D’ailleurs, les méthodes utilisées pour l’obtention d’un tel savoir sont, comme le précise R. Guénon, « la négation même de celles qui ouvrent l’accès à la connaissance initiatique »5.

De même, on ne peut pas assimiler la Maçonnerie à un « système » pour les raisons générales précédemment indiquées, qui font que tout en elle s’oppose à la moindre systématisation, ne serait-ce que la présence – et l’usage selon l’Art – de son symbolisme qui est d’origine supra-individuelle. Cette origine exclut forcément toute élaboration de caractère artificiel et conventionnel basée sur des critères progressistes et évolutionnistes ; ceci sous-tendrait – point de vue typiquement profane – que le corpus symbolique de la Maçonnerie (qui en est le véhicule doctrinal et donc « central ») se serait progressivement enrichi au cours des siècles d’emprunts à des « disciplines » diverses, ce qui constituerait un syncrétisme tout juste bon, au fond, à intéresser les curieux d’archéologie traditionnelle. D’ailleurs, R. Guénon n’a­-t-il pas affirmé, en rapport avec la « spéculation » possible – et même généralement indispensable – qui se rapporte au symbolisme, que « [ … ] toute systématisation [ … ] est incompatible avec l’essence même du symbolisme »6 et que « d’ailleurs, l’unité apparente d’un système, qui ne résulte que de ses limites plus ou moins étroites, n’est proprement qu’une parodie de la véritable unité doctrinale » 7

En considération de cela, examinons maintenant les deux composantes du rituel maçonnique qui représentent l’essentiel du Travail en Loge, à savoir la forme et le fond.

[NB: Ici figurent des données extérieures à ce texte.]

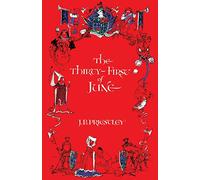 J B Priestley The Thirty-First of June (Tascabile)
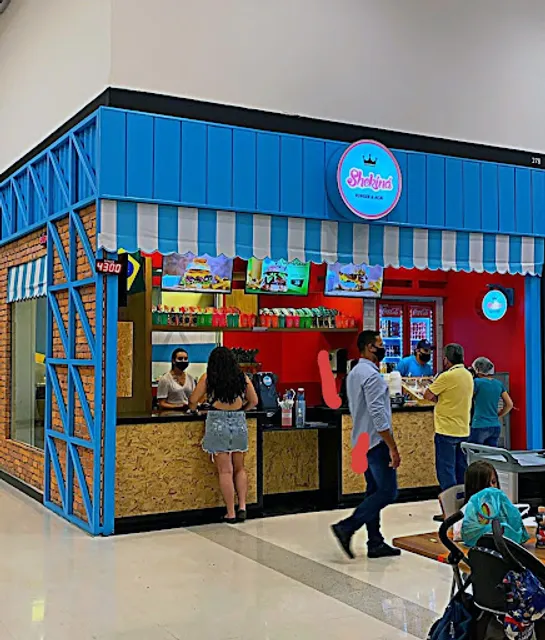 Shekiná Burguer & Açaí Shopping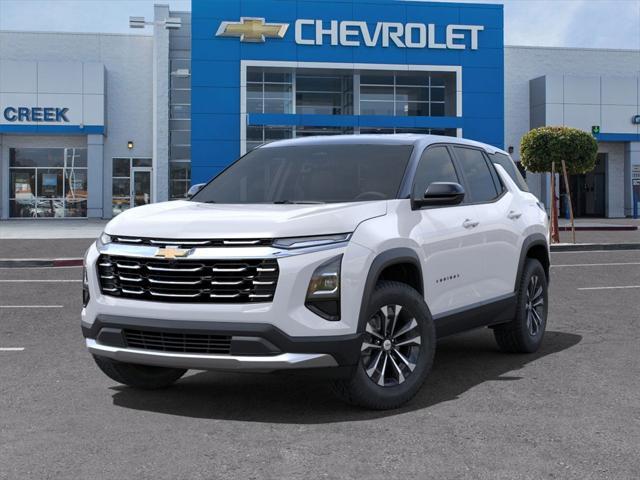 new 2025 Chevrolet Equinox car, priced at $30,490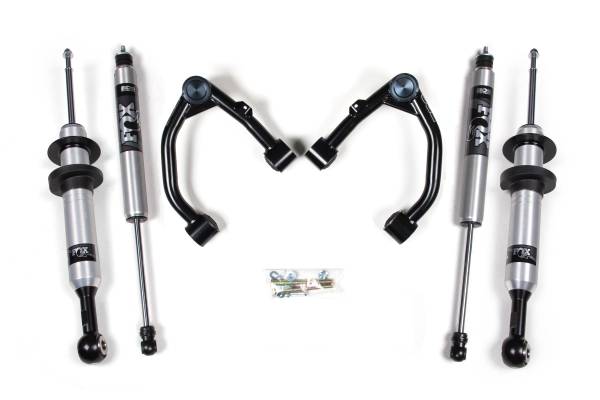 BDS Suspension - 2 Inch Lift Kit FOX 2.0 Snap Ring Strut Toyota Tundra 07-21 2/4WD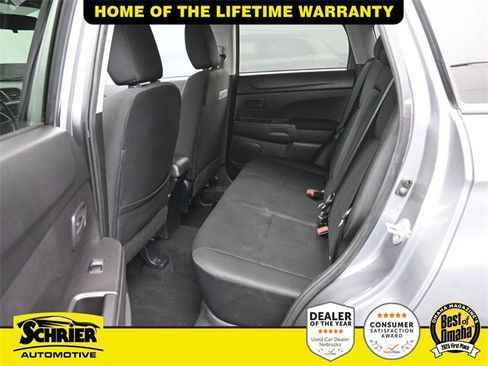 Used 2015 Mitsubishi Outlander Sport ES image 28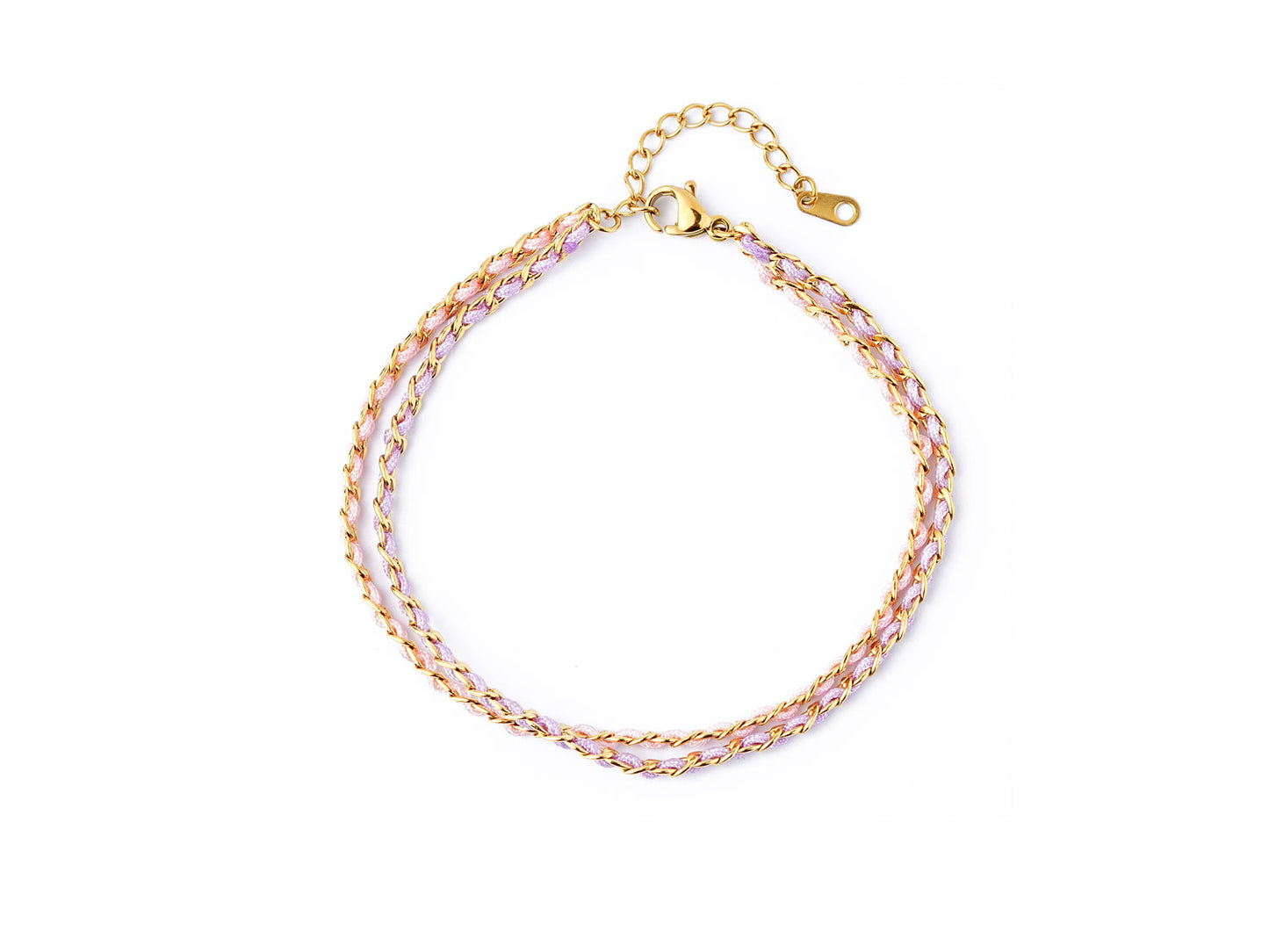 Pulsera Bikolo Acero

On remarque tout d’abord qu’une certaine confusion semble s’être imposée dans la façon d’appréhender ces deux composantes, séparément ou dans l’ensemble qu’elles forment ; ceci génère des conséquences préjudiciables d’importance non négligeable pour la démarche initiatique. En effet, on néglige trop souvent que le rituel est d’origine supra-individuelle (ou supra-humaine) pour ce qui est de son essence qui est symbolique : ce caractère sacré impose le respect le plus absolu de ce que le rituel véhicule d’essentiel, et demande une approche particulière eu égard à sa nature. Pour une saisie correcte du texte rituel, examinons les rôles respectifs du fond et de la forme afin d’en cerner la spécificité propre.

D’abord, il apparaît que la composante littérale est dépendante du fond pour une large part (sans comparaison avec un texte de caractère profane) et que, lorsqu’on pense être à même d’y apporter des modifications plus ou moins importantes, le risque est grand d’altérer les éléments doctrinaux véhiculés sous forme de symboles, ou, ce qui n’est pas moins fâcheux, d’en bousculer la cohérence et l’ ordonnancement hiérarchique ; cette modification de la lettre produirait alors un désordre dans l’appréhension et l’assimilation du contenu rituel, au préjudice notamment du but du Travail en Loge qui vise précisément à la mise en ordre des éléments constitutifs de l’être pour leur réintégration dans leur centre originel ; en effet, c’est consécutivement à la chute d’Adam (ou à l’éloignement du Principe), qui a engendré dualité et multiplicité, que la nécessité de « rassembler ce qui est épars » s’est imposée.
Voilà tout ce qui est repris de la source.